In a statement to the Ghana News Agency signed by Dr Micheal Ofori-Mensah, IEA Policy Analyst appealed to President John Evans Atta Mills to act swiftly by giving assent to the Bill, appointing an Administrator-General and ensuring that the Presidential Estates Unit (PEU) established and given the resources to make it effective.

Dr Ofori-Mensah noted that the PTB required urgent Presidential assent due to the short time frame between now and the next elections. “… It is important, however, to emphasise that the pressing need for action is not based on whether a change in government will occur or not”.

He explained that the requirement for handing-over notes to be submitted to the Administrator-General prior to elections indicates ample time will be required for the office to define a comprehensive template to be used by the President and his team in a range of public offices.

Dr Ofori-Mensah admitted that tough work lay ahead after the appointment of the Administrator-General, as the time required to set-up key institutions, including the PEU was essential.

He noted that the Administrator-General would have to recruit staff, prepare an initial budget and study best practices, whilst the broad mandate of the PEU required, at the outset, an administrative manifesto which would spell out detailed procedures to cover the transitional duties conferred on the office.

He said some procedures may call for subsidiary legislation, adding there was also the matter of conducting the initial executive assets inventory, which could be a complex task.

He said a transition law will by no means remove all the difficulties relating to the democratic transfer of power. “Nonetheless, I am cautiously optimistic that effective implementation and strict enforcement of the provisions will bring about a departure from the ad hoc transition process we have witnessed in Ghana’s Fourth Republic.

“Putting in place the requisite legal and institutional framework before the end of this year will be tricky given the limited time frame. All the same, it will be useful to set this process in motion”.

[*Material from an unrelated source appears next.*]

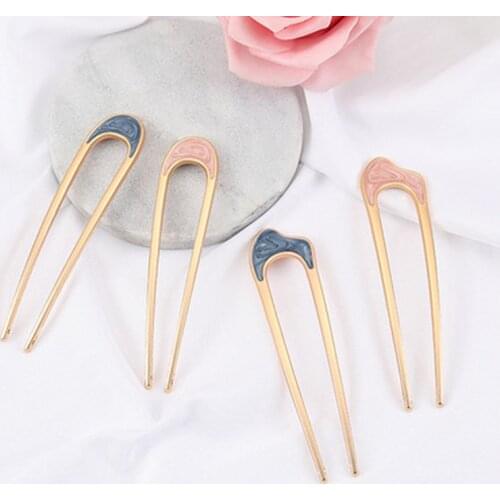 Metal Hair Sticks for Women Shell Hair Clip Pins Minimalist U Shape Girls Hairpins Hair Bun Maker Headwear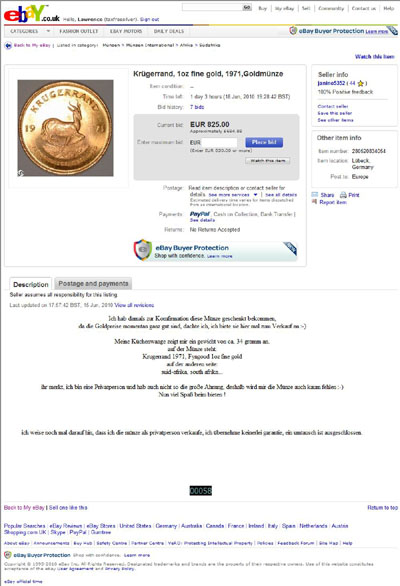 janine5352 eBay Listing Using our 1971 South African One Ounce Krugerrand Reverse Photograph Photograph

He said the Presidential (Transition) legislation had strong potential to defuse the political fallout, accusations and counter-accusations which had ensued in Ghana’s previous transitions and, arguably, will be in everyone’s interest.

“For a party in government, the legislation provides clarity on an exit strategy should it be voted out of office. For an opposition party, the legislation outlines what should be expected if it is voted into office.

“For taxpayers, it would deliver value for money. This view is grounded in the fact that – if effectively implemented – one could expect a more prudent use of executive assets, an area where enormous scope for efficiency savings exists,” Dr Ofori-Mensah stated.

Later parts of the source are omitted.